▸ **What is expected**: A word-for-word copy of the entries below is required.

▸ **Extracted data**:

[Start of section]

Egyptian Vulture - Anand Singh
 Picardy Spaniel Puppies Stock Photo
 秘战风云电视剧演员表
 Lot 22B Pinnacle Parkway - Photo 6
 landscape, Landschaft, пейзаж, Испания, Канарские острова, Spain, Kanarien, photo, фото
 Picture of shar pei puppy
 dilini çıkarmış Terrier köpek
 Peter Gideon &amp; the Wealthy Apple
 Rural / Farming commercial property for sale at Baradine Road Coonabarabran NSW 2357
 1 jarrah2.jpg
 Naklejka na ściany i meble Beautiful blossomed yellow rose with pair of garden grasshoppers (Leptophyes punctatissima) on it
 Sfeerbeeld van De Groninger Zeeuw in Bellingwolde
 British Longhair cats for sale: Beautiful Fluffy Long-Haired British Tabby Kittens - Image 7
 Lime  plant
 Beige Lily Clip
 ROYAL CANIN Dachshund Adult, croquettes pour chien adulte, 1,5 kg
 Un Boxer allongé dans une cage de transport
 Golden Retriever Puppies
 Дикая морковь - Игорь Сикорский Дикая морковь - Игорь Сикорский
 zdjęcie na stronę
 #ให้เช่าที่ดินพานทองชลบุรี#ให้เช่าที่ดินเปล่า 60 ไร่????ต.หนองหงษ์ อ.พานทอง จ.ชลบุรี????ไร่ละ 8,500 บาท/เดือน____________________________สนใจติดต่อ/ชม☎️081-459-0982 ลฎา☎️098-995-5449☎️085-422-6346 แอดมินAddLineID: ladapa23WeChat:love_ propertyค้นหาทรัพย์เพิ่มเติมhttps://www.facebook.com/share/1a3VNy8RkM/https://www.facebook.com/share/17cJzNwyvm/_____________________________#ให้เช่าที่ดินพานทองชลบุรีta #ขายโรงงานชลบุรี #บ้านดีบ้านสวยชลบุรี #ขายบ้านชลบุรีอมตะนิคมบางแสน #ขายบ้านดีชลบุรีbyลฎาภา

[End of section]

▸ **Task solution**:
Egyptian Vulture - Anand Singh
 Picardy Spaniel Puppies Stock Photo
 秘战风云电视剧演员表
 Lot 22B Pinnacle Parkway - Photo 6
 landscape, Landschaft, пейзаж, Испания, Канарские острова, Spain, Kanarien, photo, фото
 Picture of shar pei puppy
 dilini çıkarmış Terrier köpek
 Peter Gideon &amp; the Wealthy Apple
 Rural / Farming commercial property for sale at Baradine Road Coonabarabran NSW 2357
 1 jarrah2.jpg
 Naklejka na ściany i meble Beautiful blossomed yellow rose with pair of garden grasshoppers (Leptophyes punctatissima) on it
 Sfeerbeeld van De Groninger Zeeuw in Bellingwolde
 British Longhair cats for sale: Beautiful Fluffy Long-Haired British Tabby Kittens - Image 7
 Lime  plant
 Beige Lily Clip
 ROYAL CANIN Dachshund Adult, croquettes pour chien adulte, 1,5 kg
 Un Boxer allongé dans une cage de transport
 Golden Retriever Puppies
 Дикая морковь - Игорь Сикорский Дикая морковь - Игорь Сикорский
 zdjęcie na stronę
 #ให้เช่าที่ดินพานทองชลบุรี#ให้เช่าที่ดินเปล่า 60 ไร่????ต.หนองหงษ์ อ.พานทอง จ.ชลบุรี????ไร่ละ 8,500 บาท/เดือน____________________________สนใจติดต่อ/ชม☎️081-459-0982 ลฎา☎️098-995-5449☎️085-422-6346 แอดมินAddLineID: ladapa23WeChat:love_ propertyค้นหาทรัพย์เพิ่มเติมhttps://www.facebook.com/share/1a3VNy8RkM/https://www.facebook.com/share/17cJzNwyvm/_____________________________#ให้เช่าที่ดินพานทองชลบุรีta #ขายโรงงานชลบุรี #บ้านดีบ้านสวยชลบุรี #ขายบ้านชลบุรีอมตะนิคมบางแสน #ขายบ้านดีชลบุรีbyลฎาภา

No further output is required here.